Case 2 Iskandar Malaysia Social Index (IMSI)
Social index is one of the components of a bigger Data Management agenda for Iskandar Malaysia under the Iskandar Malaysia Urban Observatory (IMUO). Iskandar Malaysia Social Index is a social index to gauge the effectiveness of facilities and services provided for the people in Iskandar Malaysia. The reasons of having the Iskandar Malaysia Social Index are as follows: -
· Recommendation from Comprehensive Development Plan (CDP) review;
· To measure the progress of Iskandar Malaysia;
· Planning objective as it is vital for decision making, policy review and formulation and future planning;
· Report Card / Pulse Checking of society perception towards Iskandar Malaysia and social impact towards them; and
· Public Relations purposes.
Case 3 Sungai Skudai Rejuvenation
Sungai Skudai (Skudai River) is one of the major rivers located within the heart of Iskandar Malaysia. Measuring 47km in length, the river traverses through the boundaries of three local authorities from the furthest northern parts of Iskandar Malaysia into the Johor Straits at the south.
This river has been a source of income for the fishermen plying the river, a source of raw water for the water treatment plant supplying large parts of the Johor Bahru District and Singapore (until the expiry of one of the water agreements) and also an alternative mode of transportation (both historically and will possibly make a come-back).
Case for Action
Over the years, the river has been extensively polluted from the many developments along the tributaries such as illegal squatters, old housing estates and villages (which do not use or properly maintain their individual sewerage treatment tanks), newer and large developments on a large scale (sedimentation run-offs), proliferation of commercial activities supporting these residential needs such as food and beverage, car wash, auto-maintenance workshops and such.
As a result, the cumulative effect of all these factors resulted in a shallower, more polluted river that poses a threat to the quality of life and to the water supply for the growing needs of Iskandar Malaysia. A 2013 study highlighted a scenario where the water supply for IM will reach a critical stage by the year 2018. However, ever-changing weather patterns and possibly faster growth of the region may exacerbate this situation, hastening the worst-case scenario.

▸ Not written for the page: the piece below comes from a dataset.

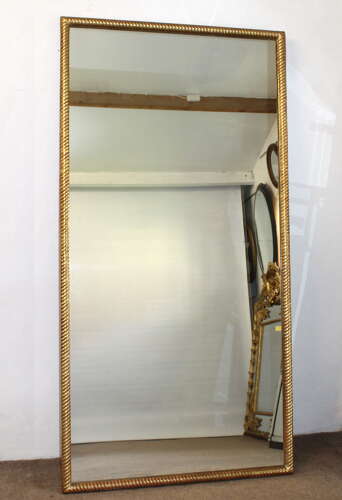 Very large antique gilt French mirror with ropetwist frame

The shallowing effects of the river also created flash flood risks along segments of the river where choke-points may have formed undetected over time. Under the right circumstances these choke-points will suddenly overflow causing inconveniences at the least, damaging property and maybe even resulting in casualties at its worst.
A better framework for Sungai Skudai is being developed to provide a clear plan to attain a cleaner, livelier and more vibrant river. The benefits are as follows:-
· Focus on the zoning area to ensure more positive outcomes;
· Offer opportunities for public-private partnerships; and
· Enhance public participation.
The framework shall create a high level comprehensive conduit to integrate and harmonise with Sungai Skudai Blueprint by Department of Irrigation and Drainage Johor, and also utilised as the core for a phased and focused action planning for specific segments or quadrants of the river.